---------- EXERCISE DATA
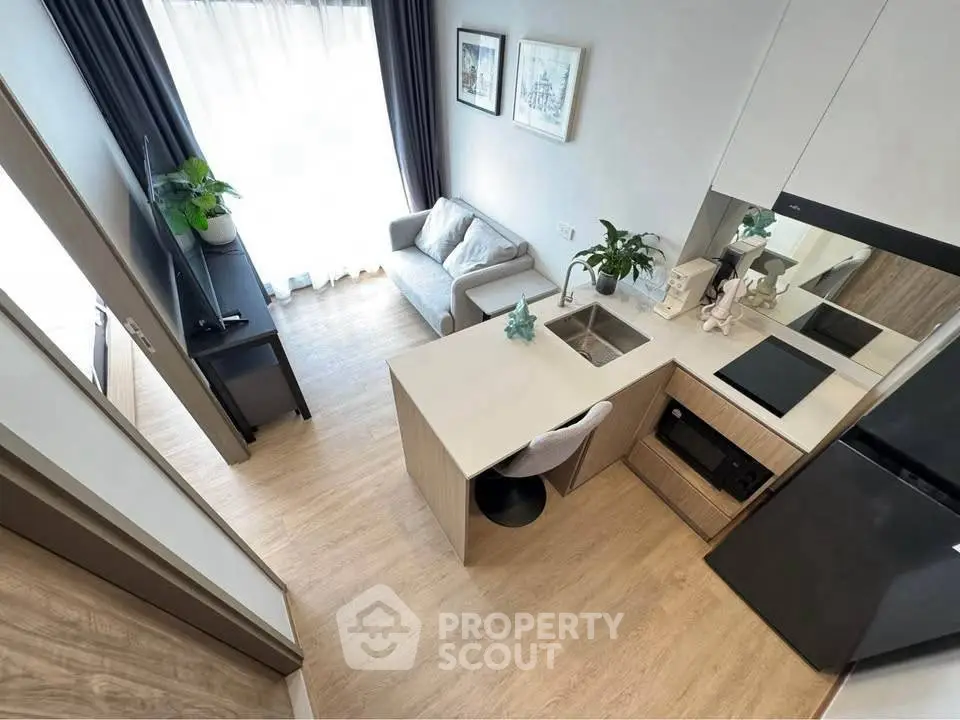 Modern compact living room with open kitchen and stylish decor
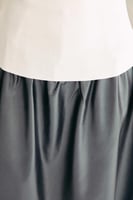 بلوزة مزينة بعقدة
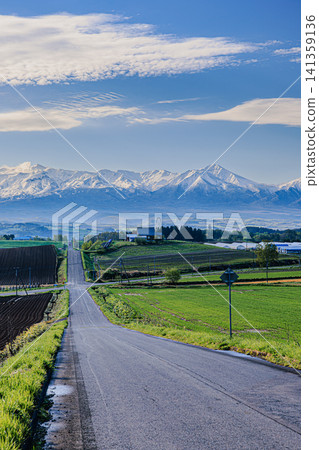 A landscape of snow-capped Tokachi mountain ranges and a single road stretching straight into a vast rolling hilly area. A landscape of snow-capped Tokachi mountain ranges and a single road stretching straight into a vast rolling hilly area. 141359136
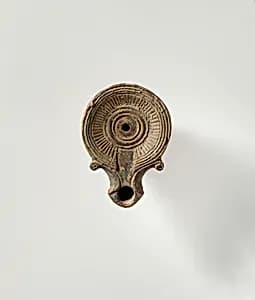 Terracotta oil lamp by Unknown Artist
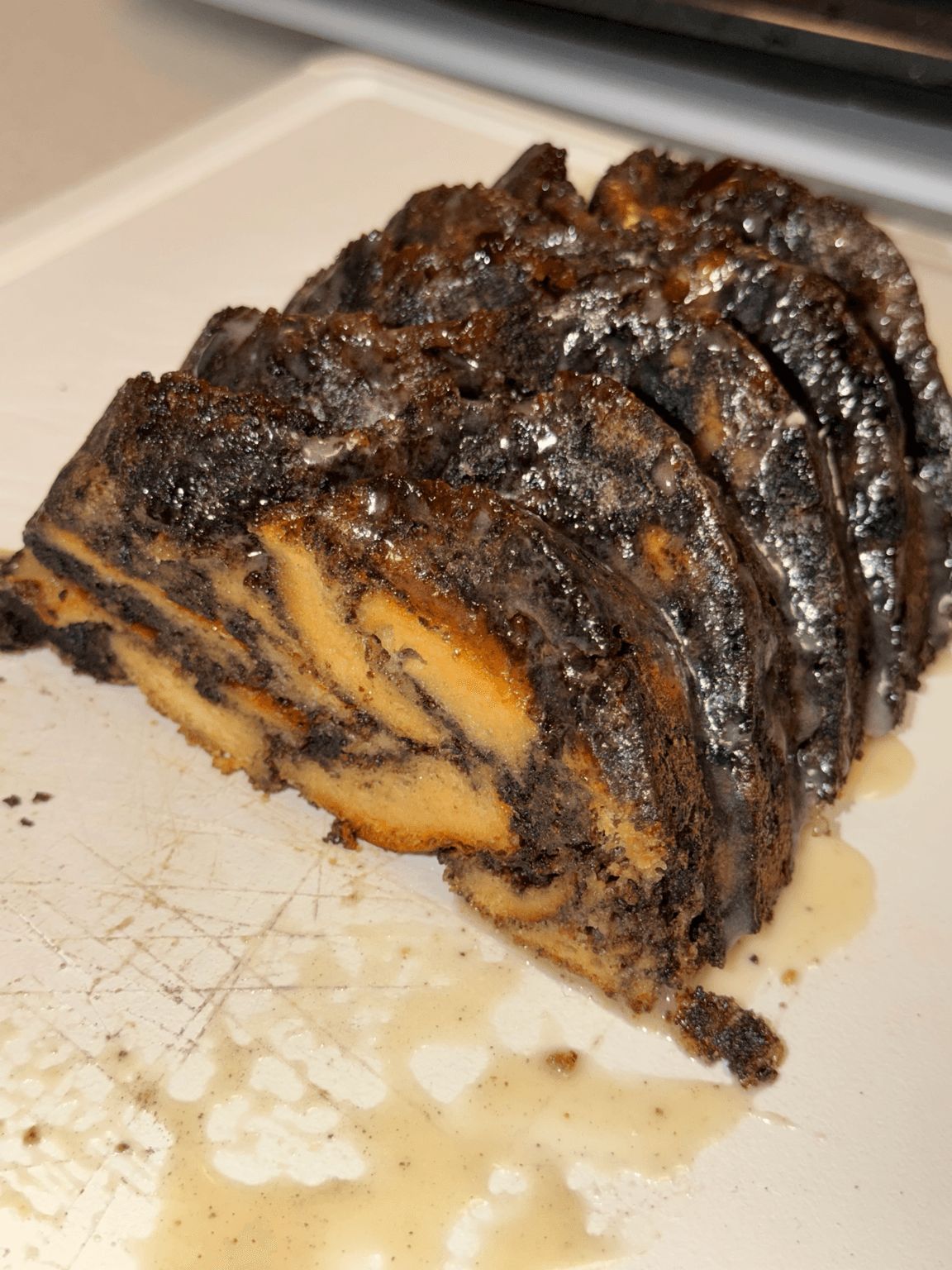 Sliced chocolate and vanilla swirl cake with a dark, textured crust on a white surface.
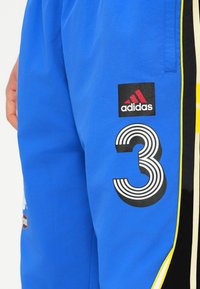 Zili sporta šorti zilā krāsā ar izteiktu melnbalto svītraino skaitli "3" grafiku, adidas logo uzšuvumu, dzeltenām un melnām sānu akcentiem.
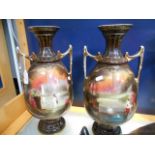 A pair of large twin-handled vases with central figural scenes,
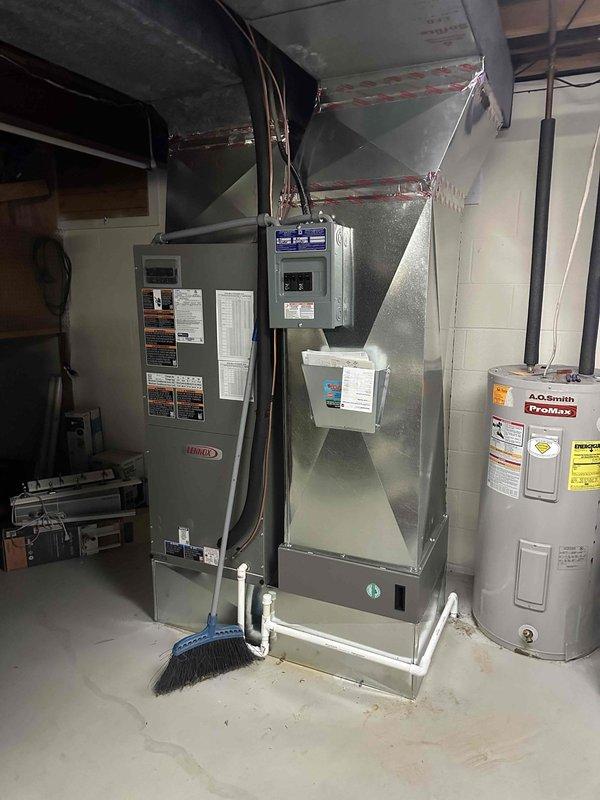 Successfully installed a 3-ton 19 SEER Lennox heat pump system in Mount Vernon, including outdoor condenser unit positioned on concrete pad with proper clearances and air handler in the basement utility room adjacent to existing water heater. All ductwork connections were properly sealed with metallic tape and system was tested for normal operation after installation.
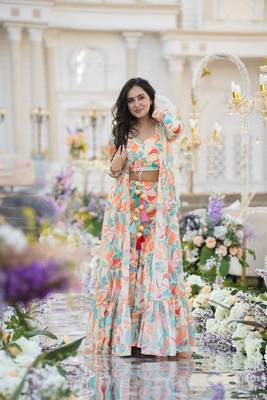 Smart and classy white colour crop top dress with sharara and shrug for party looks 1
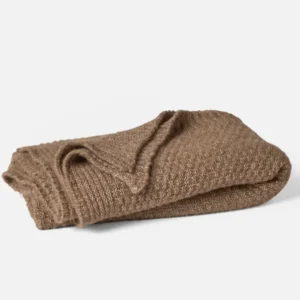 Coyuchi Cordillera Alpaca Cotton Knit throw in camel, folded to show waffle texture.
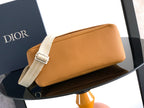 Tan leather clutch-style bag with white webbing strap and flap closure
--------------------
■ YOUR TASK
Nothing but the lines from the one holding "Smart and classy" through the last line of the listing should appear in the answer, copied exactly and without pictures.

■ EXPECTED ANSWER
 Smart and classy white colour crop top dress with sharara and shrug for party looks 1
 Coyuchi Cordillera Alpaca Cotton Knit throw in camel, folded to show waffle texture.
 Tan leather clutch-style bag with white webbing strap and flap closure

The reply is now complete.